Fergal Farragher, Ofcom’s director responsible for the market study, highlighted that: “The cloud is the foundation of our digital economy and has transformed the way companies run and grow their businesses. From TV production and telecoms networks to AI innovations – all of these things rely on remote computer power that goes unseen.

"Some UK businesses have told us they’re concerned about it being too difficult to switch or mix and match cloud provider, and it’s not clear that competition is working well. So, we’re referring the market to the CMA for further scrutiny, to make sure business customers continue to benefit from cloud services.”

Amazon stalwartly disagreed with Ofcom and a spokesperson said that the UK’s media regulator’s findings were based on “a fundamental misconception of how the IT sector functions, and the services and discounts on offer.”

The features that Ofcom are most concerned with are: - egress fees, the fees charged when companies want to transfer data out of the cloud, which the ‘hyperscalers’ have set higher than other providers; - barriers to interoperability and portability, the effort that is require to reconfigure data and applications to work on different cloud; and - committed spend discounts, the way incentives are structured so it is more beneficial for customers to use a single provider.
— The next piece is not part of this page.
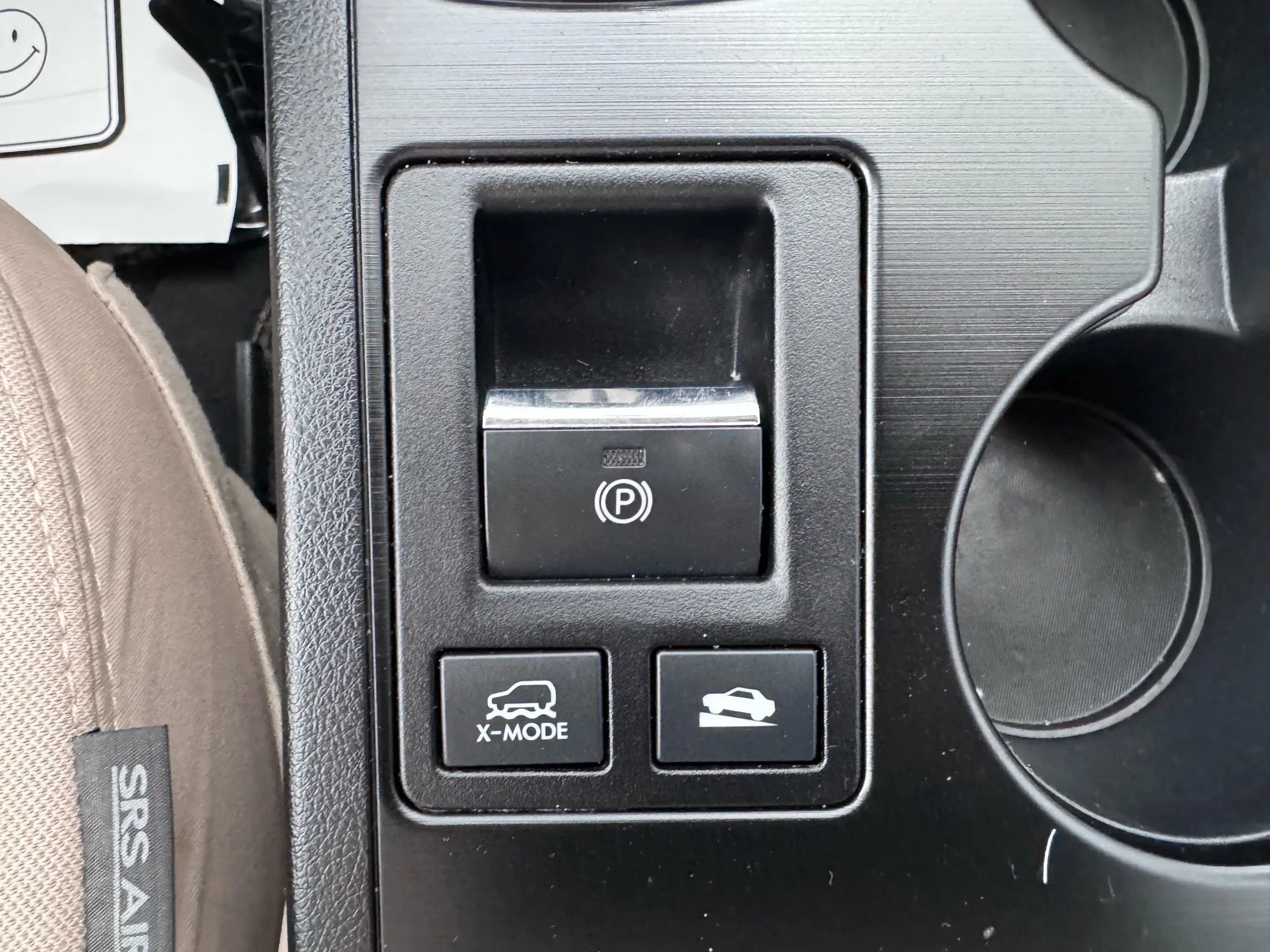 Used 2017 Subaru Outback 2.5i AWD/4WD image 25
This is not the first time that the cloud duopoly, or in some cases, oligopoly has come under fire. In July 2016 and updated in September 2019, the FCA released guidance for firms outsourcing to the cloud. This document mentioned that while the cloud can offer increased flexibility and an opportunity to innovate, “it can also introduce risks that need to be identified, monitored and mitigated.

“These risks primarily affect the degree of control exercised by the firm and specific issues such as data security. Cloud customers may have less control of the supplier, for example the degree to which they can tailor the service provided, and of the data, such as where the data is stored.”

In conversation with Finextra in 2021 on this subject, Orlando Fernández Ruiz, senior technical specialist, governance, remuneration and controls team, prudential policy, Bank of England, explained that when outsourcing, “responsibility or accountability” cannot also be outsourced.

He continued: “Firms will have to implement appropriate governance and controls to oversee the delivery of any service, or utilise the new PRA operational resilience framework, which is not an entirely new study, but brings together initiatives like operational risk management and business continuity.”

Ruiz added that new policies have considered contingency planning and exit strategies, in a technology agnostic manner and the PRA expects any third party to deliver and maintain a business continuity plan in the event of an operational disruption.

“This means that third parties would have to look for alternative mechanisms of continuing to provide important business services and minimise the risk of disruption, with a real emphasis on a stress test.”

The CMA’s investigation will be completed in April 2025.